Nevertheless, Himmelsbach was the leader of the evidence retrieval at Tina’s Bar in February 1980, when $5,800 of the ransom money was found.
Ever since then, Himmelsbach has been the public face of the FBI’s DB Cooper investigation, and he has appeared numerous times in documentaries and throughout the news media. Ralph has repeatedly told me that he expects payment for his interviews, and according to British journalist Alex Hannaford, Himmelsbach asks for $600 for a print interview. Similarly, author Robert Blevins reports on Drop Zone.com that Ralph charges $2,100 for a video filming.
Lacking those kinds of funds, I have offered to take Ralph and his wife out to lunch.
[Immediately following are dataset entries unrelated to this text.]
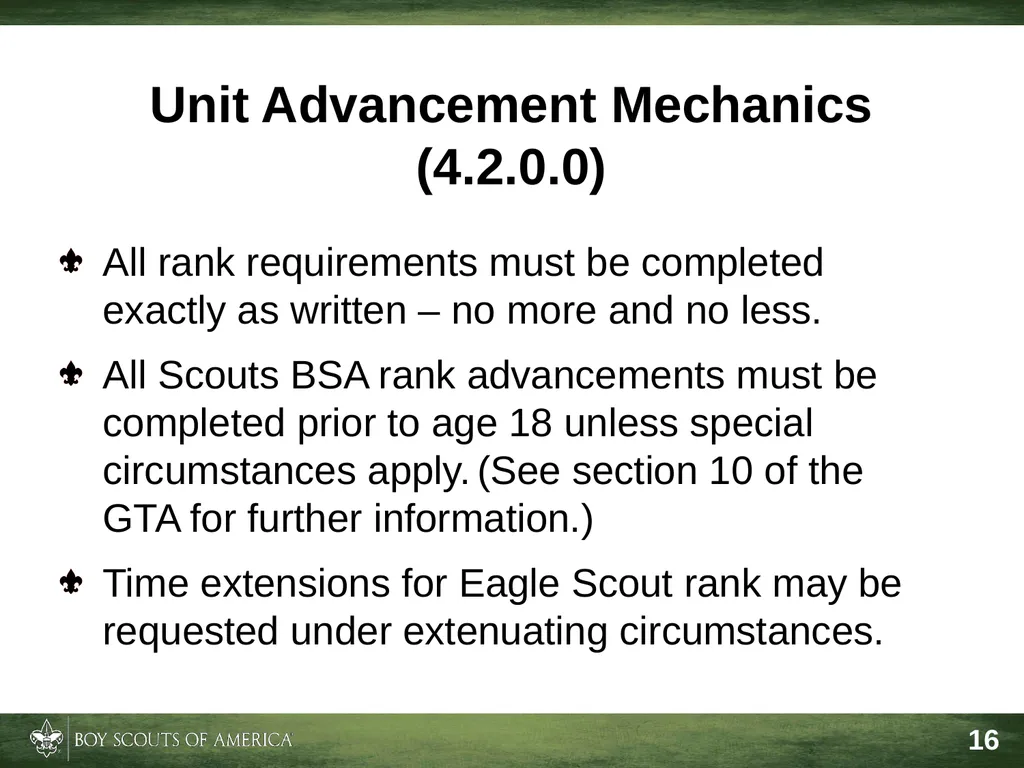 Effective Troop Advancement Expiration Date This - slide 16 of 20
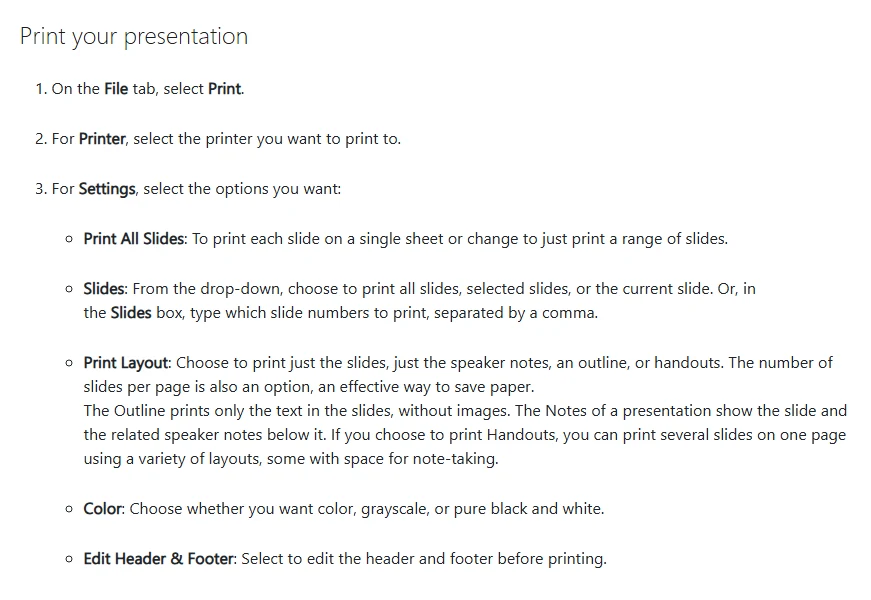 Screenshot of the Microsoft Support section Print your presentation, listing File then Print, choosing a printer, and Settings options: Print All Slides, Slides, Print Layout, Color, and Edit Header and Footer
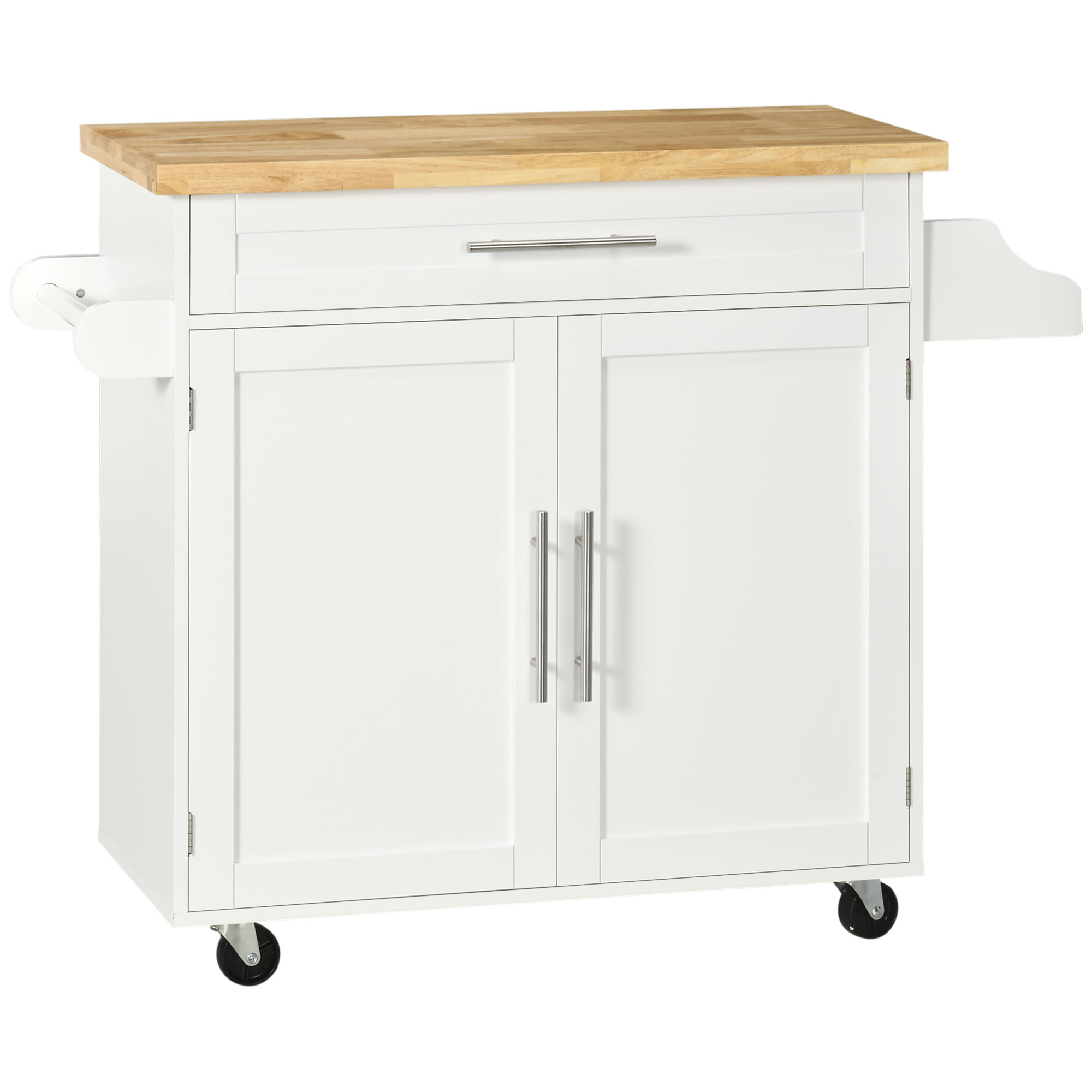 Îlot de cuisine sur roulettes avec rangement spacieux, étagère réglable, plan de travail imperméable, blanc, 109x40x89 cm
So far, he has not agreed to an interview with me, and only spoke with me when I stopped at his house unexpectedly – and uninvited. Nevertheless, he graciously spoke with me for about twenty minutes.
Ralph lives with his wife in a strikingly beautiful home on 40 acres in Woodburn that is accessed by a quarter-mile causeway over a seasonal pond.
Himmelsbach also has a remarkable relationship with Cooper sleuth Jerry Thomas, and the latter calls Ralph a “second father.” It appears the affection is mutual.
In another bizarre twist, Himmelsbach’s mansion is located less than two miles from the hazelnut grove that Barb Dayton says she landed in as DB Cooper and the site of the irrigation cistern in which she stored the ransom money.
Due to mandatory retirement policies at the FBI, Himmelsbach was compelled to retire from the FBI just two weeks after the money find at Tina’s Bar.
Retired Special Agent Bob Sale from the Seattle FO told me that he knows Mr. Himmelsbach and claims that Ralph is good friends with Phil Knight, the founder of Nike, which is based in Portland. Bob suggested that Ralph’s’ apparent wealth may have come from timely investments in Nike in the early days.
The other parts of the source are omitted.